Dataset records:

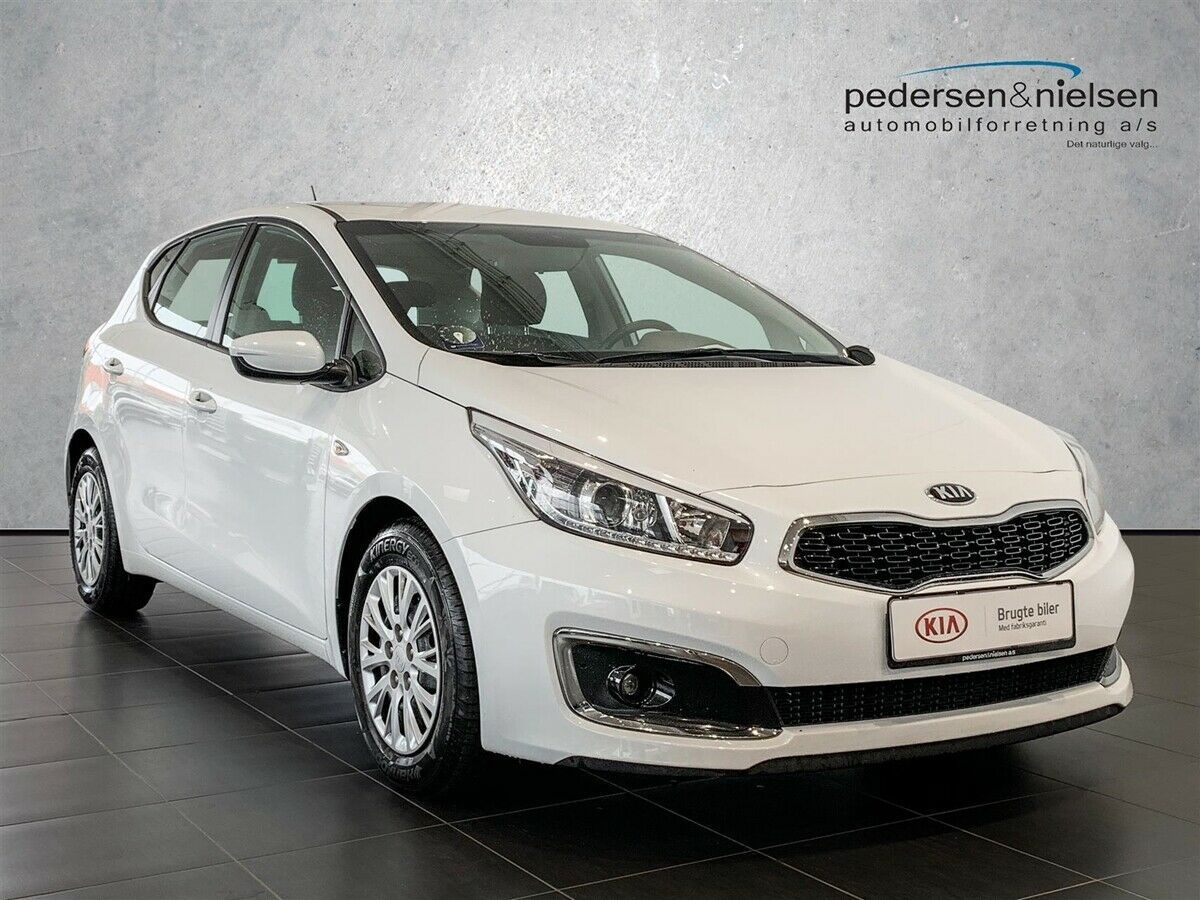 Grå Kia Ceed fra 2016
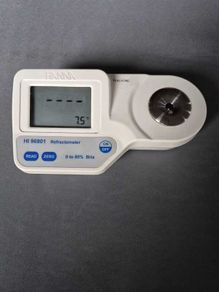 Hanna HI 96801 Digital Refractometer
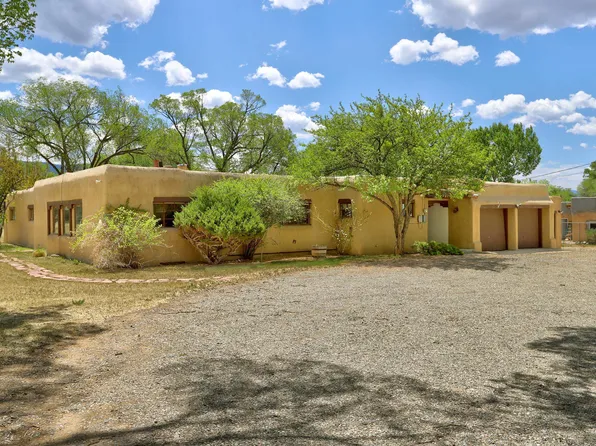 315 Theodora Street, Taos, NM 87571
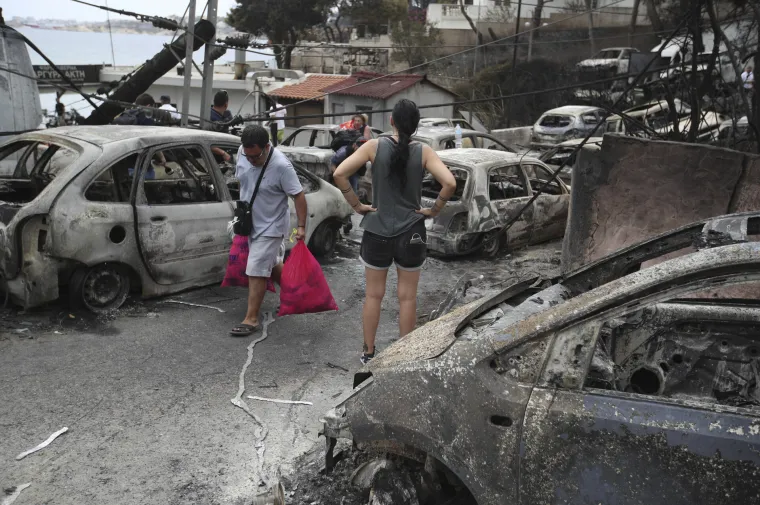 Postoje "ozbiljne indicije" da je smrtonosni požar koji je u ponedjeljak buknuo istočno od Atene "podmetnut", rekao je u četvrtak ministar grčke civilne za&scaron;tite Nikos Toskas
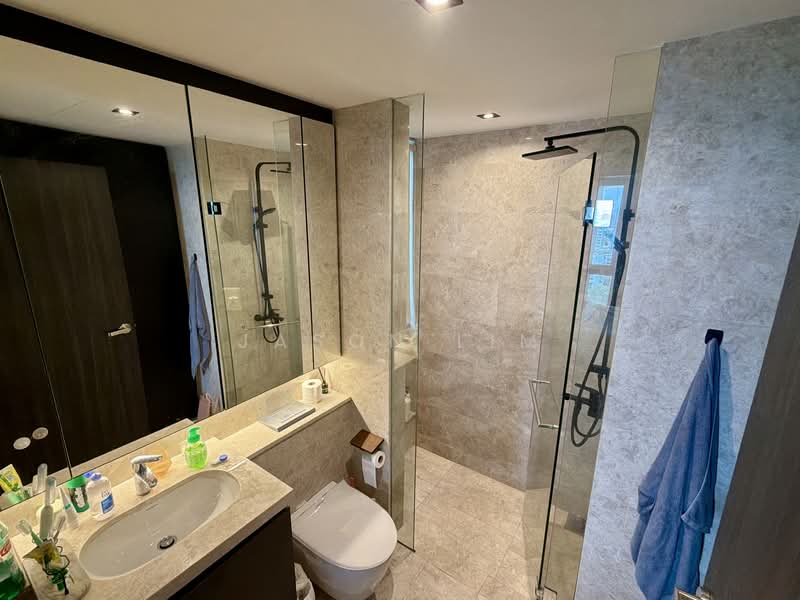 Riversails Condominium For Sale at S$ 880,000 | PropertyGuru Singapore - Bathroom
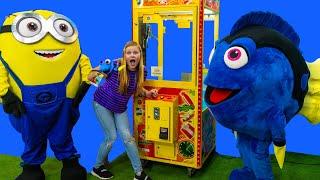 Assistant Wins PJ Masks Romeo and Minions with Magic Claw Machine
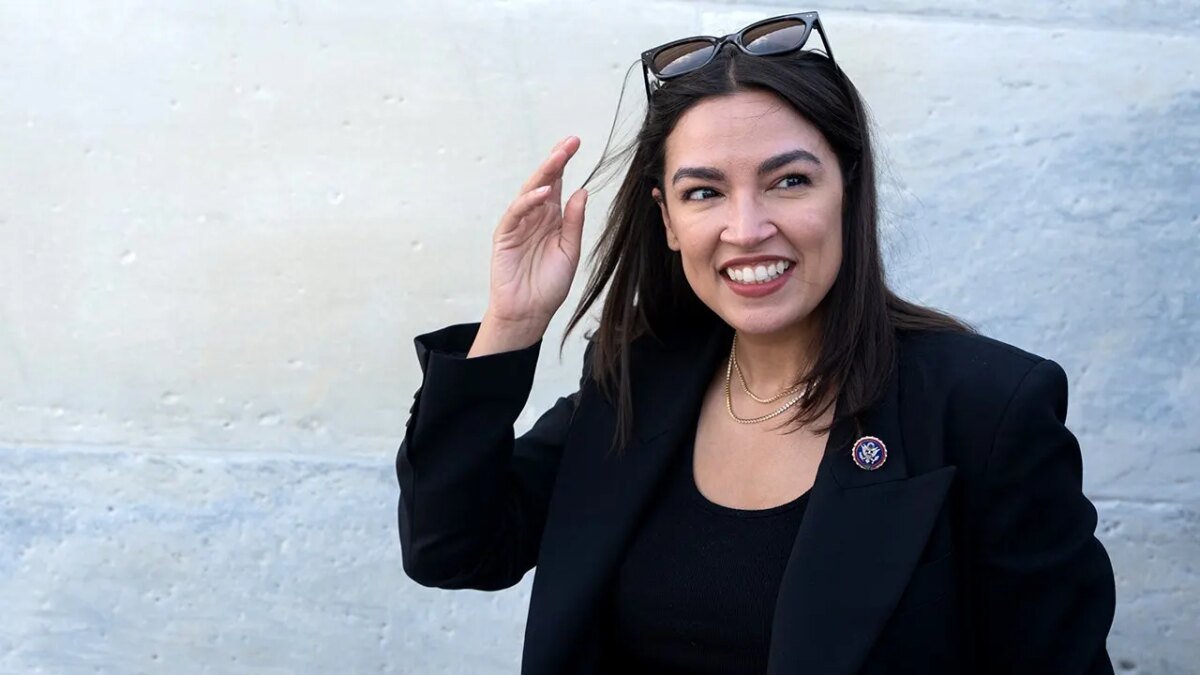 Alexandria Ocasio-Cortez rejoins DSA ahead of 2028 presidential run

What is being asked: An exact copy of the records above is needed, with the pictures removed.

Response for this exercise:
 Grå Kia Ceed fra 2016
 Hanna HI 96801 Digital Refractometer
 315 Theodora Street, Taos, NM 87571
 Postoje "ozbiljne indicije" da je smrtonosni požar koji je u ponedjeljak buknuo istočno od Atene "podmetnut", rekao je u četvrtak ministar grčke civilne za&scaron;tite Nikos Toskas
 Riversails Condominium For Sale at S$ 880,000 | PropertyGuru Singapore - Bathroom
 Assistant Wins PJ Masks Romeo and Minions with Magic Claw Machine
 Alexandria Ocasio-Cortez rejoins DSA ahead of 2028 presidential run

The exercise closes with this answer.